(EXERCISE AIM):
Below are entries. Give back exactly the lines from the one containing "Davidson's Organics, Herbal" through the one containing "Charcoal Face Wash", inclusive, without the pictures.

(RECORDS SHOWN):
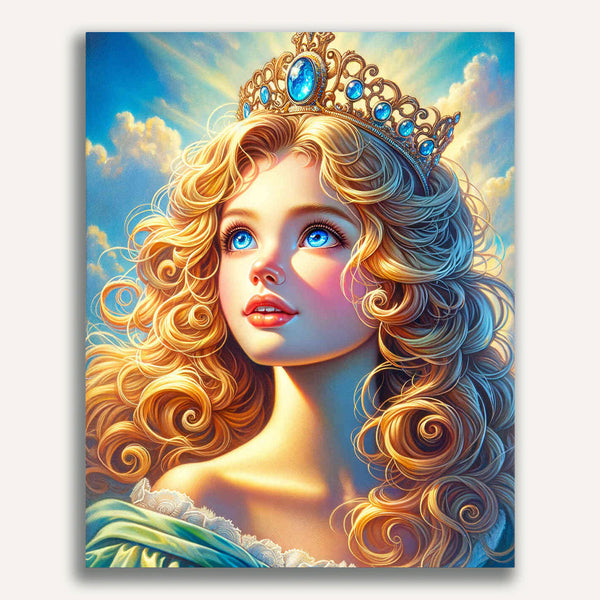 Paint by Numbers - Girl with tiara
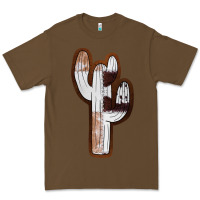 Cacao Leather Cowhide Cactus Premium Tee - RanaPortraitStore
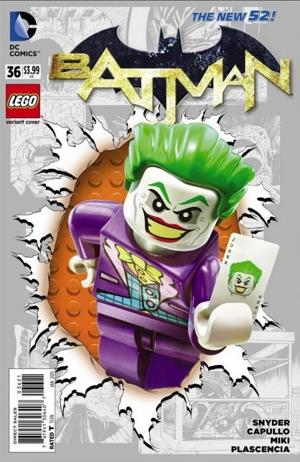 Batman #36 LEGO cover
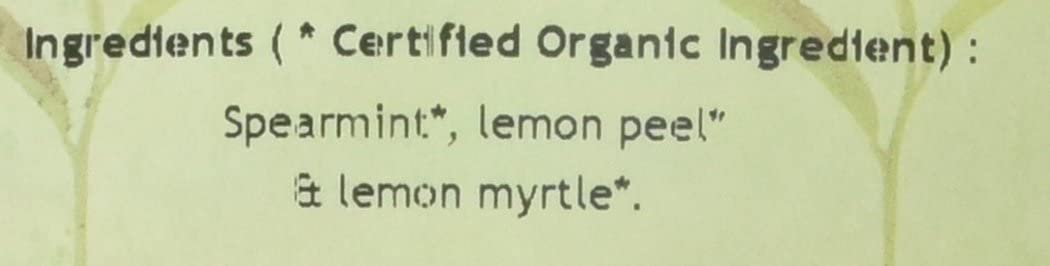 Davidson's Organics, Herbal Lemon Spearmint, Loose Leaf Tea, 16-Ounce Bag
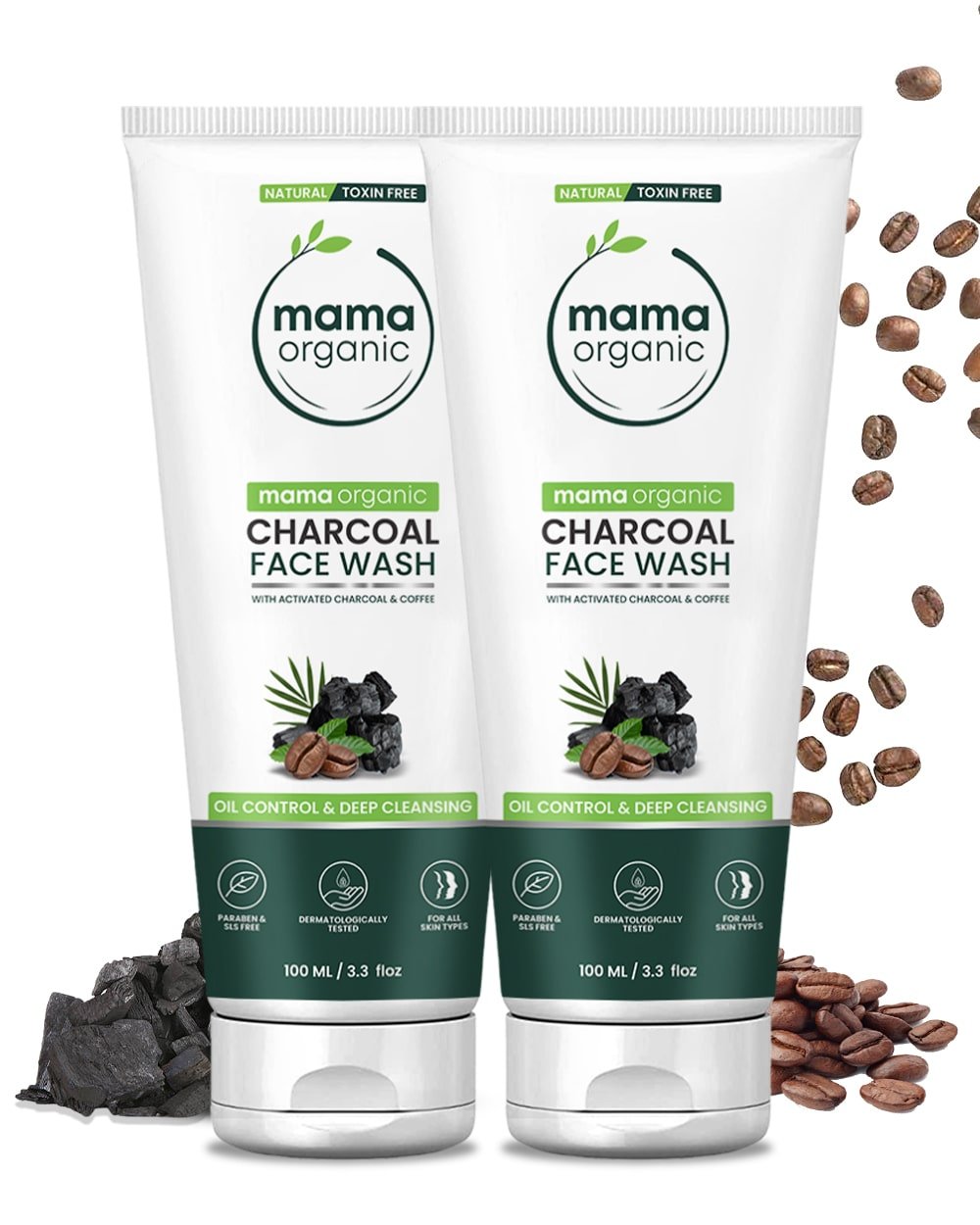 Charcoal Face Wash 100ml Combo for Oil Control - MamaOrganic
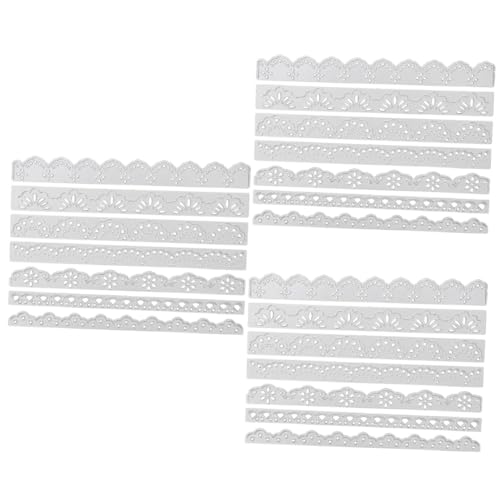 VILLCASE 3 Sätze Spitze Sterben Bastelmesser Scrapbooking-formen Schneidwerkzeug Metallschablone Handwerk Schneiden Sterben Bastelbedarf Prägemappen Kohlenstoffstahl Silver 7 Stück * 3 von VILLCASE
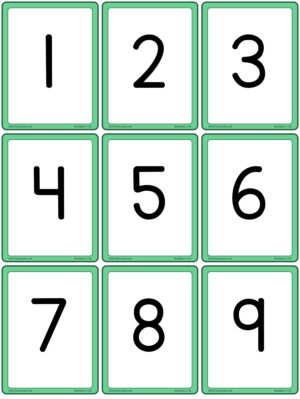 Preview of Numbers only, Small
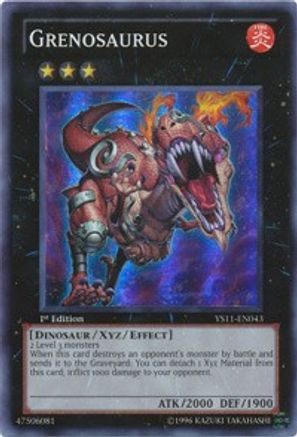 Grenosaurus (YS11-EN043) - Starter Deck: Dawn of the Xyz 1st Edition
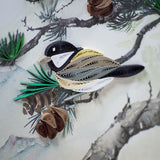 Pine Needles and Birds Quilling Card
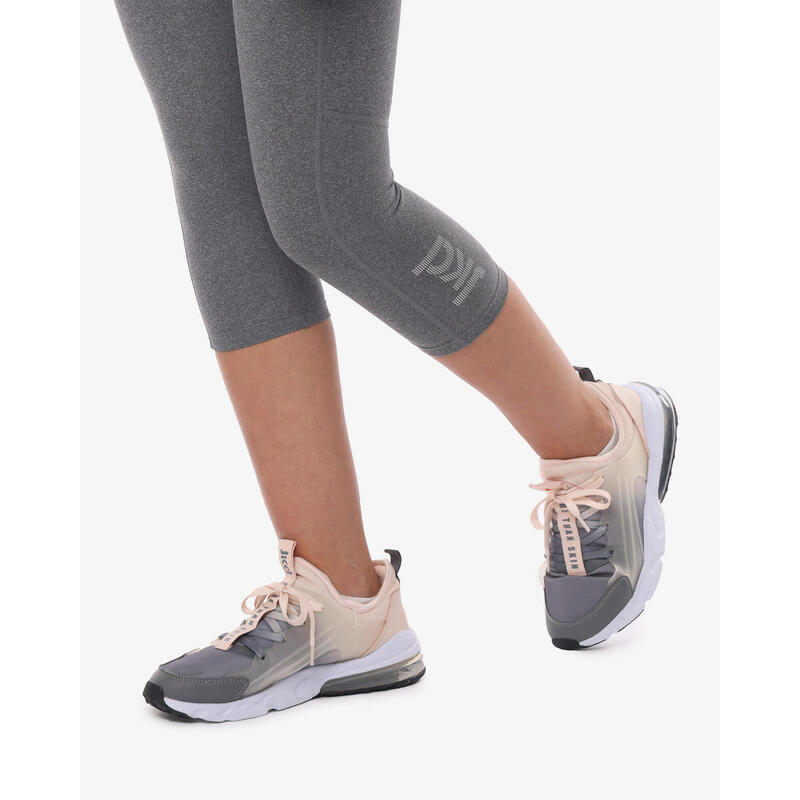 Leggings de fitness synthétiques gris chiné pour femme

(SOLVED EXERCISE):
 Davidson's Organics, Herbal Lemon Spearmint, Loose Leaf Tea, 16-Ounce Bag
 Charcoal Face Wash 100ml Combo for Oil Control - MamaOrganic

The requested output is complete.